By Carly Forster
Shares of Blackberry (NASDAQ: BBRY) fell slightly on the morning of March 9th after Goldman Sachs analyst Simona Jankowski downgraded her rating on the stock from Neutral to Sell and cut her price target from $10 to $9.
Blackberry has seen a huge positive turnaround since John Chen took over as CEO in November 2013, having risen over 60%. As a result, the company set expectations for itself to become cash flow positive this year.
One of the reasons for Blackberry’s turnaround is due to its shift of focus from smartphones to software. Back in November, Blackberry launched its BES 12 platform that was designed for businesses that connects with all mobile devices, including all Blackberry phones. They even got 5.1 million licenses to sign up for a free trial of its platform until the end of January.
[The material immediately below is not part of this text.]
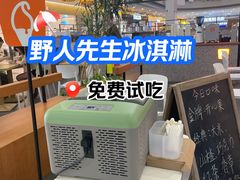 -野人先生Gelato(上海长宁龙之梦店)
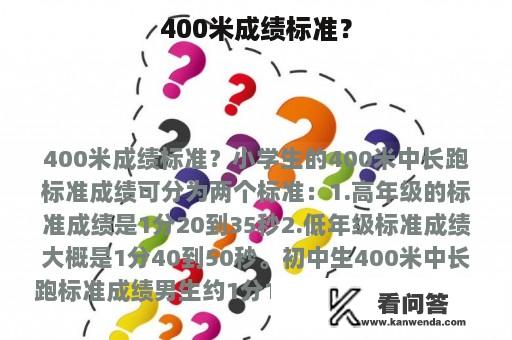 400米成绩标准？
Jankowski’s downgrade stems from her fear that it will be challenging for Blackberry to shift from cuttings costs to save money to actually driving revenue despite the success the company has seen over the last year. Accordingly, the analyst forecasts widening losses in fiscal 2016 and 2017.
Jankowski lists two reasons for why she expects Blackberry’s losses to widen: “First, [Goldman Sachs’] surveys show very low buying intentions for BlackBerry’s EMM solution. Second, its target implies that it would leapfrog the market leaders in just one year, which [she] view[s] as unlikely given the competitors’ much better traction (based on our survey).” She added, “While we see significant upside in Hardware revenues, those are “empty calories” as they are not profitable. Thus, we see widening losses based on the shortfall in high-margin Software and Services revenues.”
Simona Jankowski has an overall success rate of 64% recommending stocks and a +13.4% average return per recommendation. She has rated Blackberry 31 times since April 2009, earning an 88% success rate recommending the company and a +30.8% average return per BBRY recommendation.
Jankowski is known for rating stocks under the technology sector, such as Cisco Systems (NASDAQ: CSCO) and Infinera (NASDAQ: INFN). She has rated Cisco Systems 15 times since April 2009, earning an 83% success rate recommending the company and a +16.2% average return per CSCO recommendation. Likewise, the analyst has rated Infinera 4 times since September 2010 with a 100% success rate recommending the stock and a +51.4% average return per INFN recommendation.
However, Jankowski is not always accurate with her recommendations. She has rated Juniper Networks (NYSE: JNPR) 8 times since March 2011 with a 20% success rate recommending the stock and a -29.7% average loss per JNPR recommendation.
There has been a lot of buzz surrounding Blackberry over the last year as to whether the company can turn things around. Do you trust Simona Jankowski’s bearish recommendation based on her financial advice history?